District of Columbia is the political equivalent of a city, a county, and a state all in one. That means it controls all type of tax revenues: property, income, sales, and others, often abating or diverting those taxes for the benefit of large urban and housing developments. One such project is the luxury Wharf mixed-use development, where the priciest residential units cost millions of dollars.
Economic development subsidies in the District are most frequently given to selected recipients through programs such as Tax Increment Financing (TIF) and Payments in Lieu of Taxes (PILOTs), both of which involve the diversion of future property tax revenues.
The Office of the Deputy Mayor for Planning and Economic Development (DMPED) manages all subsidies. Major discretionary deals that involve tax exemptions, abatements, PILOTs, and TIFs must be reviewed by the D.C. Council, and the Office the Chief Financial Officer (OCFO) must perform a fiscal analysis for those deals.
OCFO publishes annual Unified Economic Development Budgets (UEDB) that include some subsidy recipient data; however, the data is deficient – for deals that involve bonds (TIFs and PILOTs), UEDBs list “bondholders” as recipients rather than the companies or developers benefiting from the deals.
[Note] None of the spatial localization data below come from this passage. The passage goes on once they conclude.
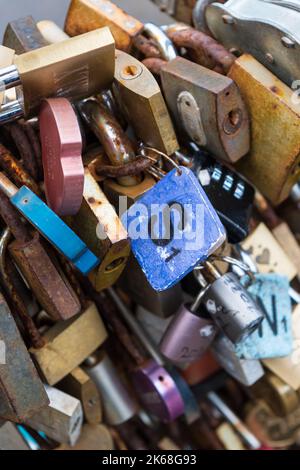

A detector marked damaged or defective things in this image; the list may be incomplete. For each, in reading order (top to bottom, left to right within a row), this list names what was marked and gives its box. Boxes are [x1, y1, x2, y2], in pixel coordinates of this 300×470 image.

rusted metal surface [133, 34, 163, 58]
rusted metal surface [142, 57, 168, 75]
rusted metal surface [165, 25, 236, 73]
rusted metal surface [0, 142, 41, 196]
rusted metal surface [6, 122, 39, 181]
rusted metal surface [79, 100, 141, 186]
rusted metal surface [94, 156, 155, 178]
rusted metal surface [0, 190, 31, 242]
rusted metal surface [0, 228, 44, 348]
rusted metal surface [8, 235, 81, 324]
rusted metal surface [0, 290, 49, 422]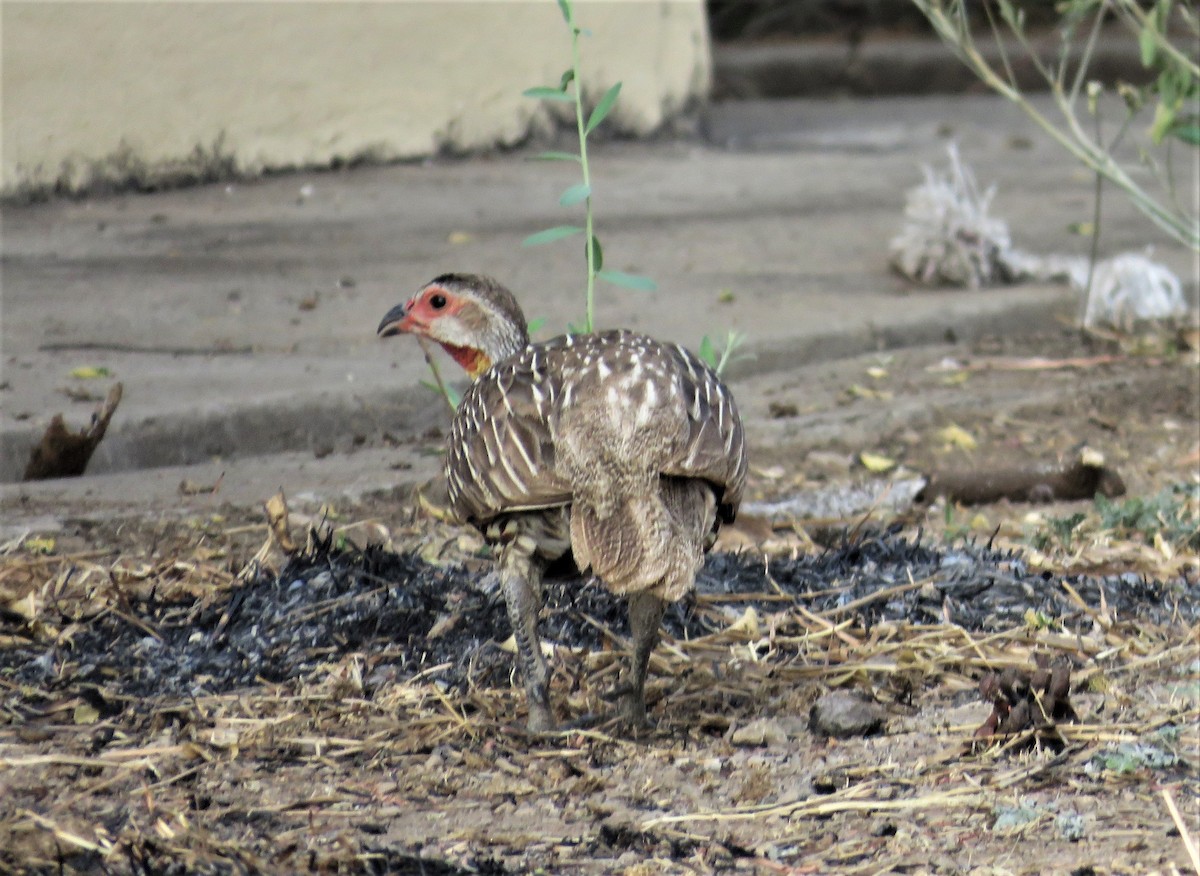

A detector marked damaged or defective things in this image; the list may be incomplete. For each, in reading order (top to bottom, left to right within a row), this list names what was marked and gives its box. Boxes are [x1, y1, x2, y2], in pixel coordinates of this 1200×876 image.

cracked concrete edge [0, 283, 1070, 484]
For programs that do disclose recipient company names, only the subsidy amount each year is provided. Separately, the DMPED reports some subsidy and job data in the Economic Development Return on Investment Accountability Reports, but those are cumbersome to use and seem to be incomplete.
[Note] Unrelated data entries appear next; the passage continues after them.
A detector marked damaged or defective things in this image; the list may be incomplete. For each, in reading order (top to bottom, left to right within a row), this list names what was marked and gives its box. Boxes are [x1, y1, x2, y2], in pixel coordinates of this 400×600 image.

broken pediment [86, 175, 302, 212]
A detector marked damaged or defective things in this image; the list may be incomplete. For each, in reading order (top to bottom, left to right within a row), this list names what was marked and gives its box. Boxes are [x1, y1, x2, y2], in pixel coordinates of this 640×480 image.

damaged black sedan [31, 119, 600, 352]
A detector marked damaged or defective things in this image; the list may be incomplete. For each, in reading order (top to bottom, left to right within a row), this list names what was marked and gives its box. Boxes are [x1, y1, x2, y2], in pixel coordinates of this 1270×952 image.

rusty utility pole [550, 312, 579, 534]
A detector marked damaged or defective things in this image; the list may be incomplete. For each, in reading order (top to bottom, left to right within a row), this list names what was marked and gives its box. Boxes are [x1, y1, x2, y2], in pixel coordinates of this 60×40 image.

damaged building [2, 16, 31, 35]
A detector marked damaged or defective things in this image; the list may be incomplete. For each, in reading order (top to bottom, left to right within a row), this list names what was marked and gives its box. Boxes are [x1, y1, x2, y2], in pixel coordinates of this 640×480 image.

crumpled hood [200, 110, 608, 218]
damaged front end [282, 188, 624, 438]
Aggregate subsidy costs are included in the UEDBs and DC’s Tax Expenditure Reports. The District lists only two smaller programs under the GASB 77 rule. Because the District’s school system is a part of the city’s government, it does not have its own GASB 77 note.
- See our analysis of GASB 77 data from 2017-2021 on our District of Columbia State Fact Sheet.
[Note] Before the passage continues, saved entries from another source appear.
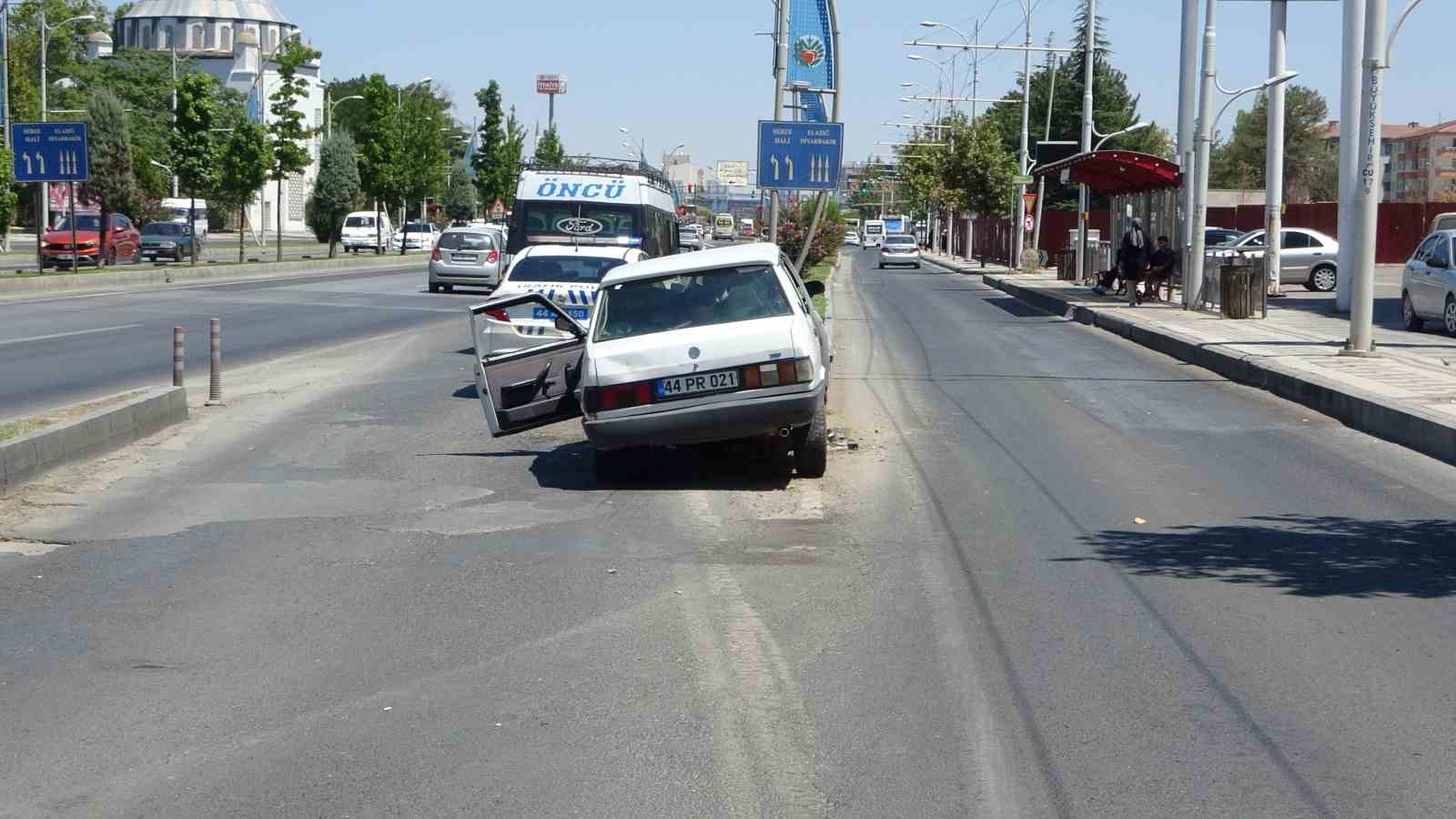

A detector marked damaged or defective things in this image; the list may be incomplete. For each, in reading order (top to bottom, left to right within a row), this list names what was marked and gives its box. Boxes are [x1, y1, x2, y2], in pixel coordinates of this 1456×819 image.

white damaged car [469, 241, 833, 475]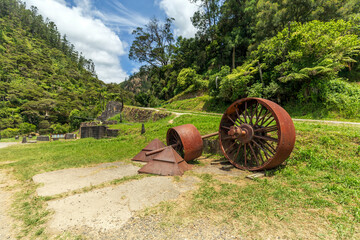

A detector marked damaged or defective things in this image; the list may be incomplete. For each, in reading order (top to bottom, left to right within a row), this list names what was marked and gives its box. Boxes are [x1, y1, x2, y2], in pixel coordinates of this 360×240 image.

rust texture on metal [132, 138, 166, 162]
rust texture on metal [138, 145, 193, 175]
rusted machinery part [166, 124, 202, 161]
large rusted wheel [166, 124, 202, 161]
rust texture on metal [166, 124, 202, 161]
rusted metal rim [166, 124, 202, 161]
rusty cylindrical drum [166, 124, 202, 161]
rusted machinery part [218, 97, 296, 171]
rusted metal rim [218, 97, 296, 171]
rust texture on metal [218, 97, 296, 171]
rusty cylindrical drum [218, 97, 296, 171]
large rusted wheel [219, 97, 296, 171]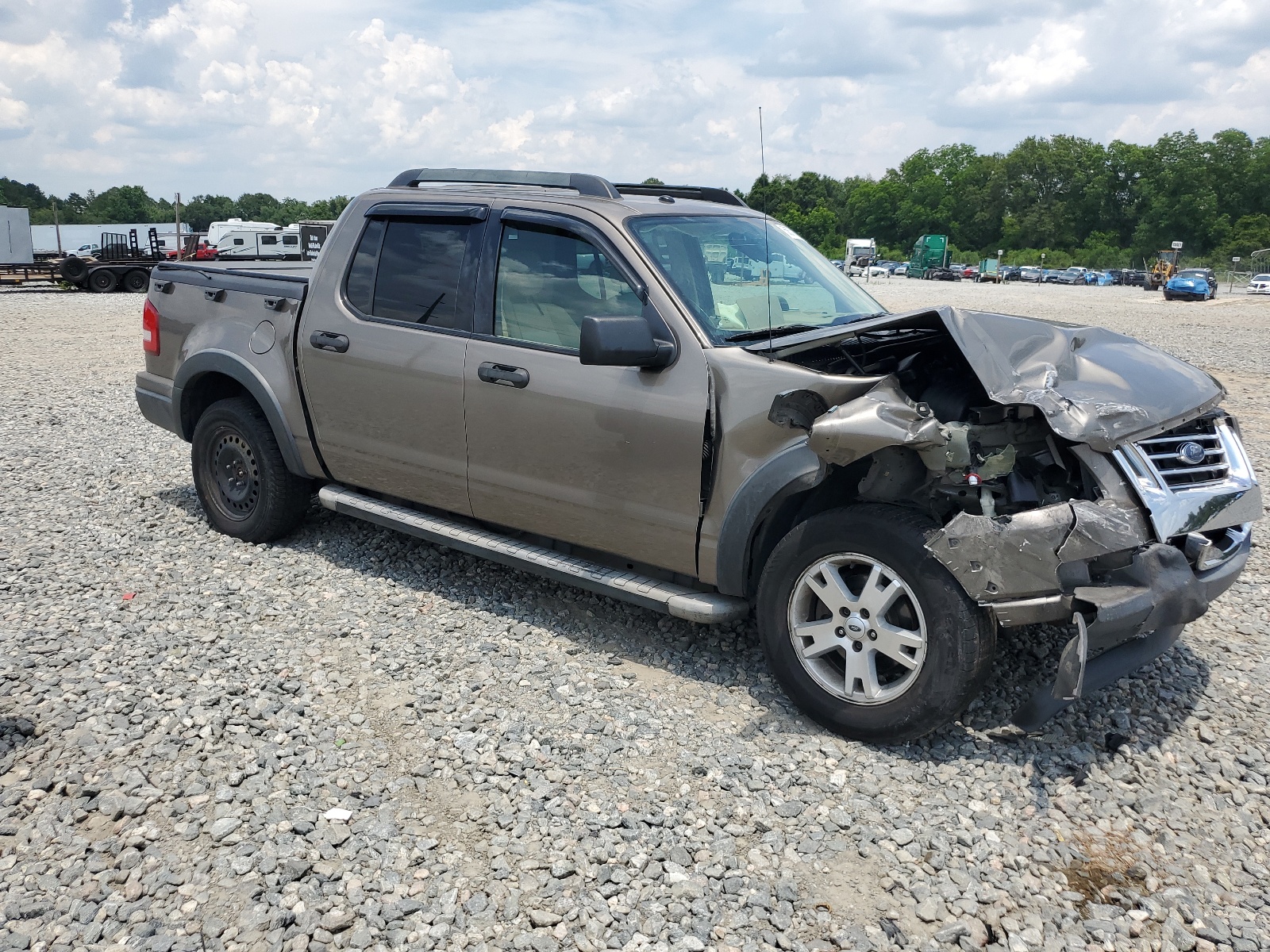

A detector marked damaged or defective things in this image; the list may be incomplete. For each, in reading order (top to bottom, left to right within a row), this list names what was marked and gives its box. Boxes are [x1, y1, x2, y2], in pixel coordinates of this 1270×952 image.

damaged pickup truck [133, 167, 1254, 741]
crumpled hood [940, 307, 1224, 451]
- See who is responsible for the implementation of GASB 77 on our District of Columbia State Road Map.
OFCO performs evaluations of abatements, credits, and exemptions every five years. A 2018 evaluation of economic development subsidies found that the Qualified High Technology Company (QHTC) tax break was expensive, poorly targeted, and ineffective in growing jobs and the economy. Consequently, the D.C. Council significantly scaled down the program but did not sunset it or add transparency provisions. The public may never know who has benefited from this tax break.